I suggested that the red button was removed and replaced by 4 buttons on the video mixer and 4 faders on the audio mixer. This way they would get rid of a single point of failure and no knowledge about how to switch to Backup would be required, because it is self explaining. The red button probably won’t disappear completely because of the preview monitors. There is never enough space on the big monitors in the control room, so using two spaces for nothing is not really an option. But then the red button would be away from the transmission chain, and if it failed, it would still be possible to broadcast just by using the Preview of the image mixer.

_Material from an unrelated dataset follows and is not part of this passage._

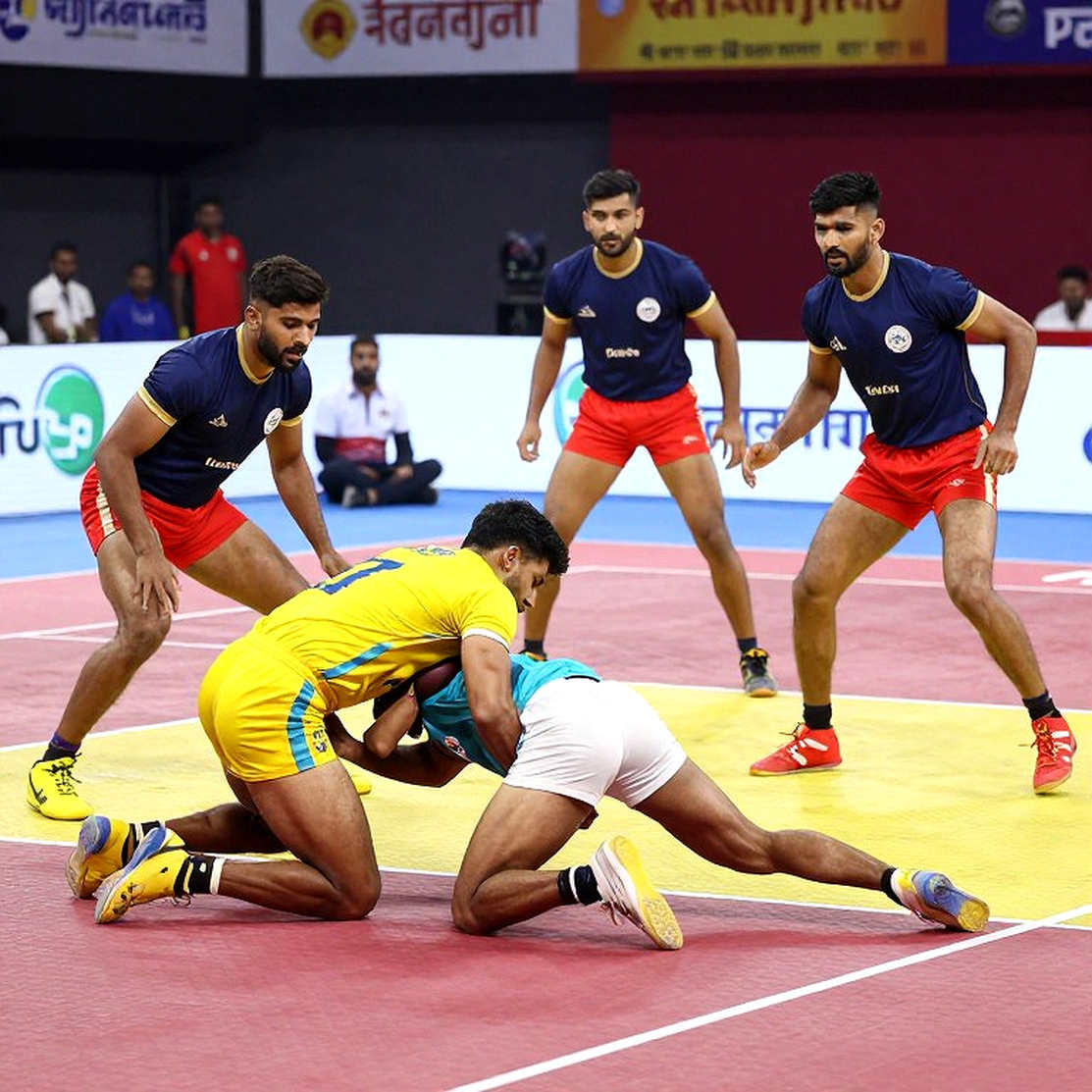 তৃতীয় লেনের সোনালি ডাবল: আইচির মাদুরে ভারতের চতুর্থ দ্বিগুণ, ইরানের প্রশ্ন আর একটি তারিখের ফাঁদ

Now back to the control monitor that shows the name and elapsed and remaining duration of the clip currently playing. This is just a PC that is monitoring what the video playout servers are doing. When we finally had got the right video signal into the image mixer, there was still problems getting the control monitor to show the correct information. Some times it showed something very strange, such as negative remaining duration of the clip that was playing. The problem turned out to come from the Main video playout server, where the problem was that the Main video playout server was partly working. Had it been completely dead, then there had been no problem, but now it was partly not working. So the information on the control monitor was some sort of mix of information from the two playout servers, which was not useful at all. And since it was supposed to sense automatically which server was playing, nobody knew how to force it to only monitor the Backup server. We found out eventually.
The problem with the time code monitor shows that if you have something which switches from Main to Backup and back automatically, then it must be possible to disable the automatic switch and decide manually which source to use. And if the auto-swich means that it becomes particularly difficult to switch manually, it should seriously be considered to always let this switching happen manually. In this case, the choice should be easy, since the switching must be done manually both for the video signal and the KVM switch. In that case everything should be switched manually. Since the red button will be used to switch the video monitoring, then it will only be natural to let it switch the source to control monitor as well.
Finally there was a problem one day, where the KVM switch to the PC’s controlling the video playout servers didn’t work. Ups, we just found an other single point of failure there, that might need some thought.